Set down the whole listing below exactly. The pictures stay out.

DATA FOR THIS EXERCISE:
════

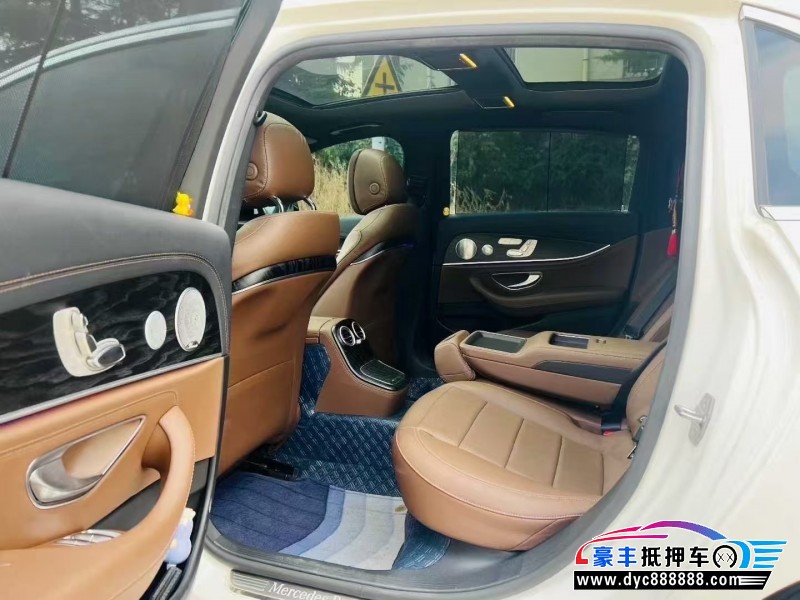 20年奔驰E轿车抵押车出售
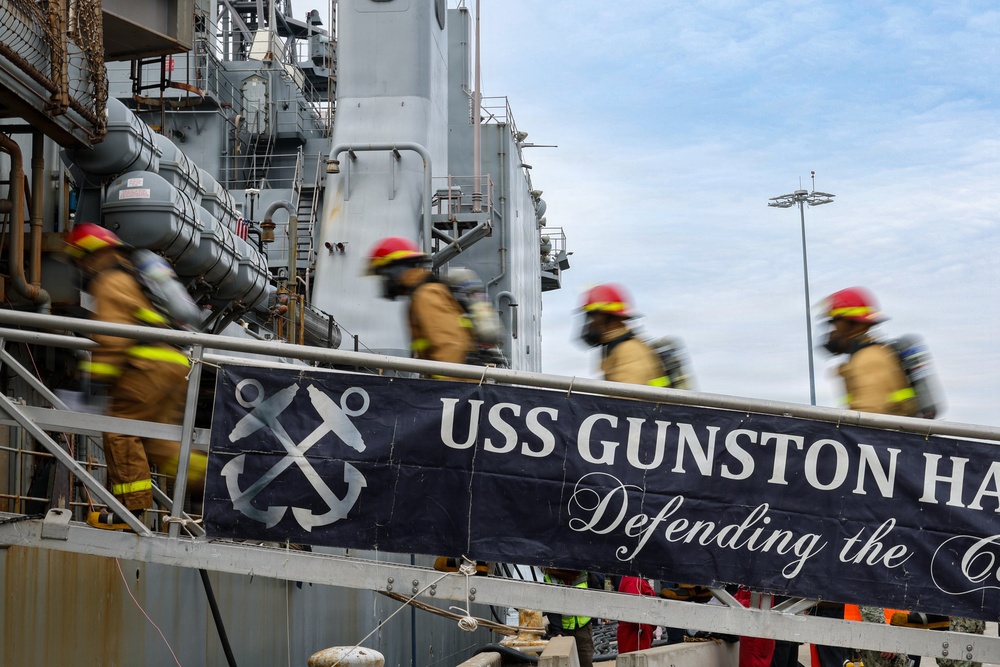 USS Gunston Hall (LSD 44) 8010 Drill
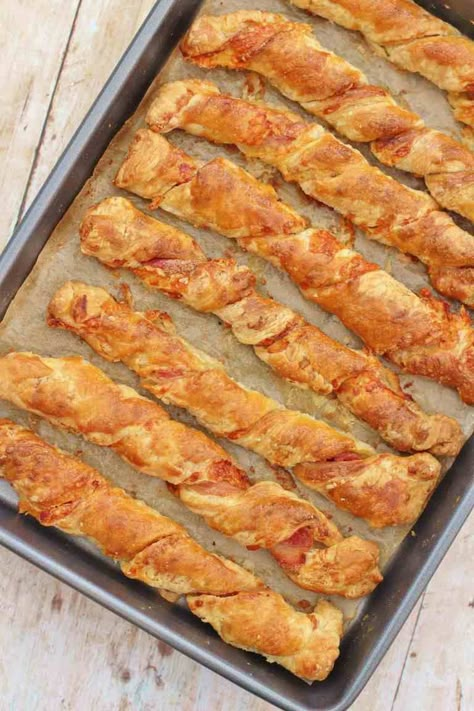 Cheese Straws Easy, Pastry Twists, Cheese Straws Recipe, Savoury Bites, Puff Pastry Twists, Party Nibbles, Cheese Twists, Nibbles For Party, Bacon And Cheese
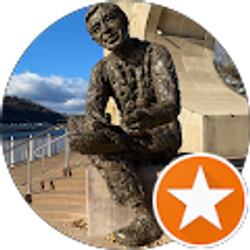 Profile photo of Maureen Jones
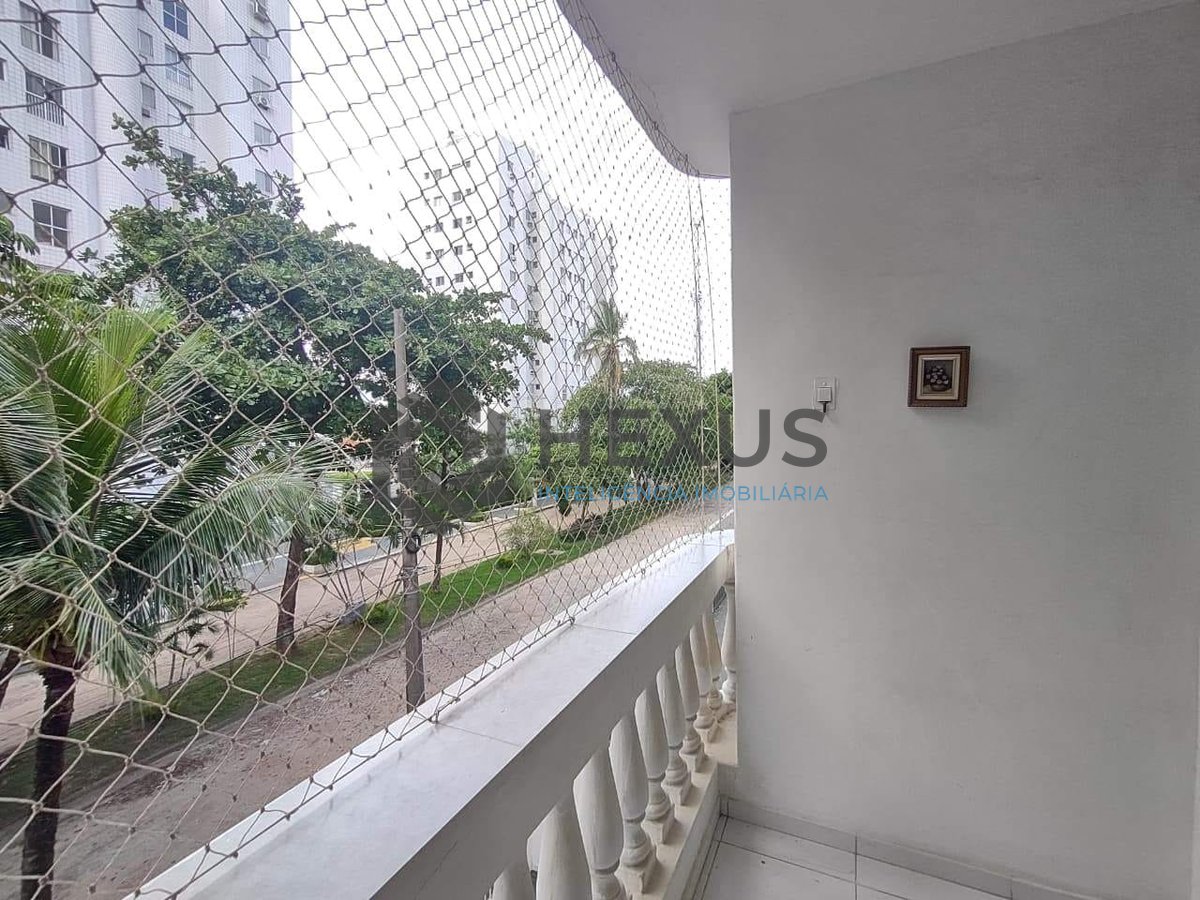 Foto 6 de Apartamento com varanda na Praia da Enseada, Guarujá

════

TASK OUTPUT:
 20年奔驰E轿车抵押车出售
 USS Gunston Hall (LSD 44) 8010 Drill
 Cheese Straws Easy, Pastry Twists, Cheese Straws Recipe, Savoury Bites, Puff Pastry Twists, Party Nibbles, Cheese Twists, Nibbles For Party, Bacon And Cheese
 Profile photo of Maureen Jones
 Foto 6 de Apartamento com varanda na Praia da Enseada, Guarujá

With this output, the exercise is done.